A raggedy camel caused gridlock. It was hauling a dray piled with sacks, and trying to turn into a side street, when it got stuck. A horse and cart sneaked around causing more of a jam. Cars, vans, tuk-tuks, all of the above, crammed up behind. Nobody could move.

They stopped blowing their horns They turned off their engines and waited. No yelling, no cursing . Not happy exactly, but patient. People chatted about the problems of Delhi traffic. Men got out of cars and tried to work out solutions but failed.

A grubby child did cartwheels between the cars and leaped into forward rolls. His sister shook a can at us. We’d be warned not to give money to beggars as it only attracts many more to try their luck. We stiffen our upper lips and feel guilty.

A man then appeared from the side street and did a lot of waving. Other men joined him nudging cars and lorries and animals forward, shouting directions, waving tuk-tuks to available crevices and, in a very few minutes, we were moving again.

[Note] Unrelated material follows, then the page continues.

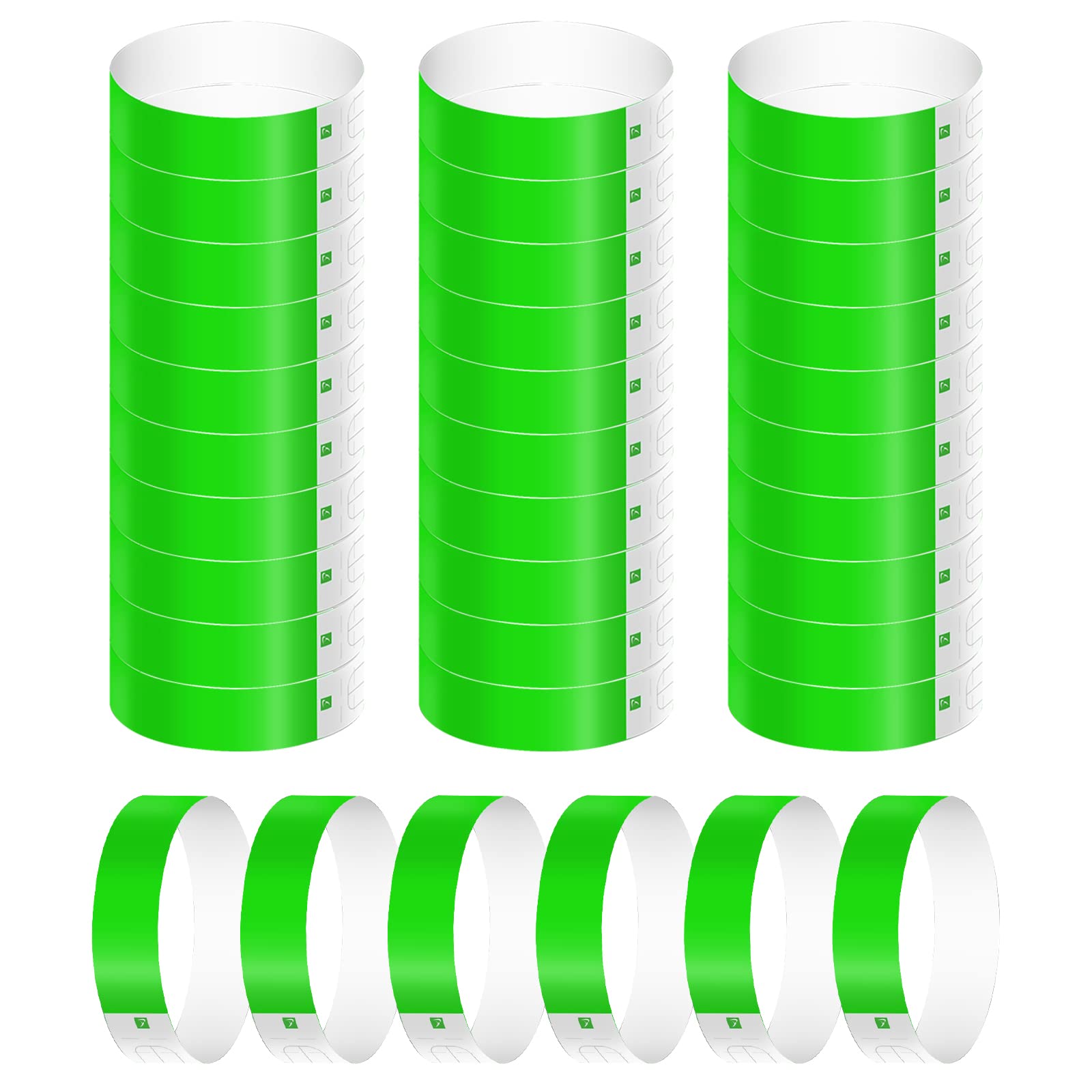KINBOM 300pcs Neon Wristbands, Waterproof Paper Wristbands for Events Paper Bracelets Entrance Wristbands for Music Festival Parties Concerts Contest (Green)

I began to realise that what looks insane to our eyes has it’s own logic. The horn blowing is not,

“Get out of my way you stupid bastard.” It’s more

“Hey there, I’m just behind to your right.”

Vans and buses and tuk-tuls have “Blow horn” written at the back. We saw no accidents. Everyone stops for a red light. They let pedestrians cross. They don’t bother the cows or the dogs or each other.

Back at the hotel I had to lie down once again.